Rwanda will hold presidential and parliamentary elections on 15 July next year, the election commission said, with incumbent President Paul Kagame due to run for a fourth term in office to extend his roughly three decades in control of the East African country.
A presidential order published in the National Gazette on 11 December has confirmed the date for next year Presidential and Legislative elections, which will take place on 15 July 2024. “Throughout the country, the polling date for the president of the Republic and 53 deputies elected from a list proposed by political organizations or for independent candidates is Monday, 15 July 2024,” the National Electoral Commission said on X, formerly Twitter. It is the first time both presidential and legislative elections will be held on the same day, in what the electoral body said was an effort to minimize the cost of ballot as well as the time citizens spend electing their leaders.

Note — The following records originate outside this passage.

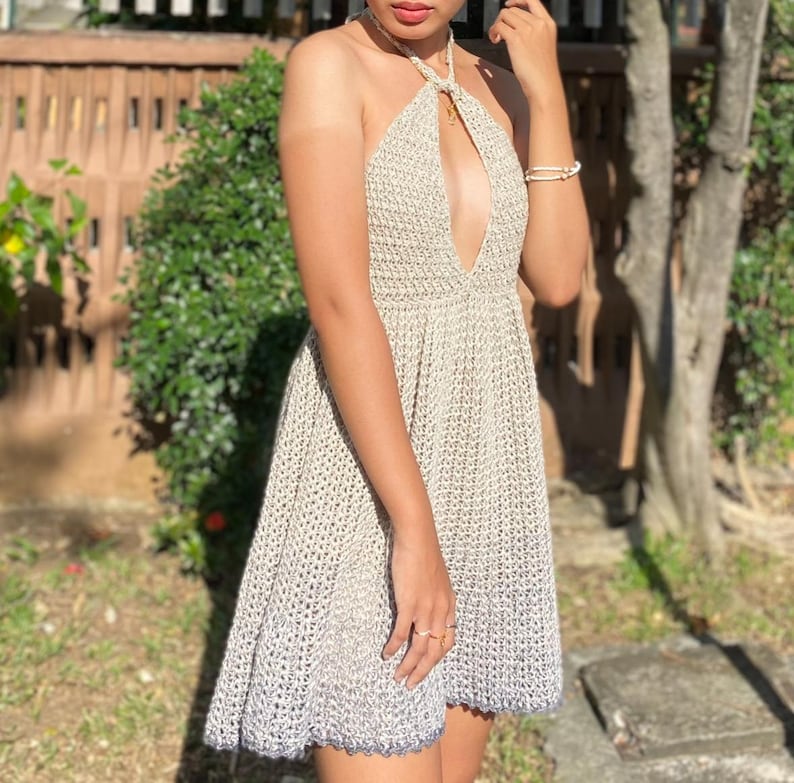 May include: A white crochet halter dress with a plunging neckline and a blue ombre effect at the hem.
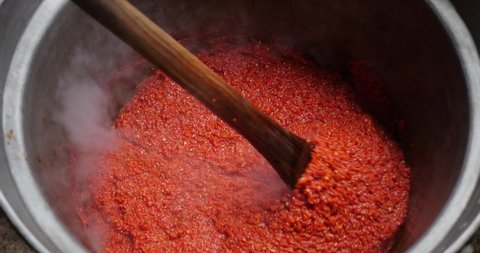 Cooking a large amount of ajvar. Balkan national dish. Preparing food for the winter. Gastronomy tradition and winter holidays. Stirring food.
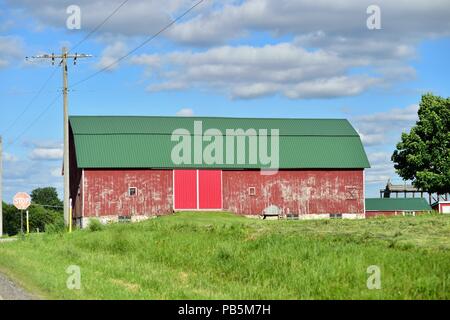 Burlington, Illinois, Stati Uniti d'America. Un vecchio weathered granaio rosso dotato di nuove porte di metallo e un tetto verde. Foto Stock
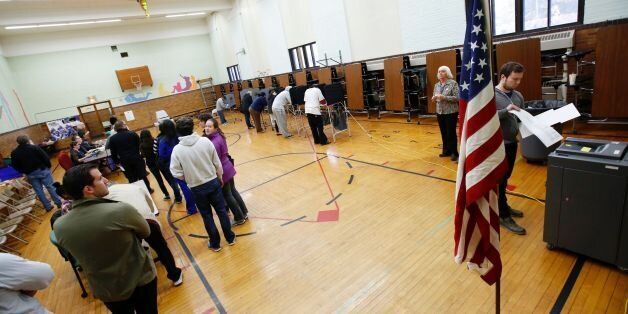 People voting at Congress Elementary School in the presidential election November 8, 2016 in Grand Rapids, Michigan. / AFP / JEFF KOWALSKY (Photo credit should read JEFF KOWALSKY/AFP/Getty Images)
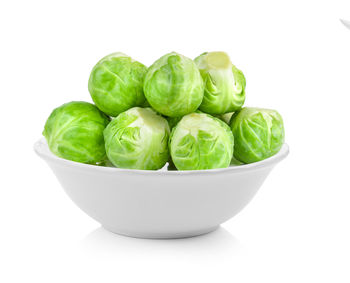 Close-up of vegetables in bowl against white background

A former rebel chief, the 66-year-old Kagame has ruled over the landlocked African nation with an iron fist for three decades. He has been the de facto leader of the West African country since the end of the 1994 genocide, became president in April 2000 and was re-elected in 2003, 2010 and 2017. Kagame presided over controversial constitutional amendments in 2015 that allowed him to continue in office for another decade. His only known challenger is opposition Green Party leader Frank Habineza, who announced in May his intention to run in 2024. Kagame has won international acclaim for presiding over peace and economic growth in Rwanda that lays claim to being one of the most stable countries in Africa. But he has faced mounting criticism by human rights groups that accuse Kagame of ruling in a climate of fear, stifling dissent and free speech, an accusation he rejects.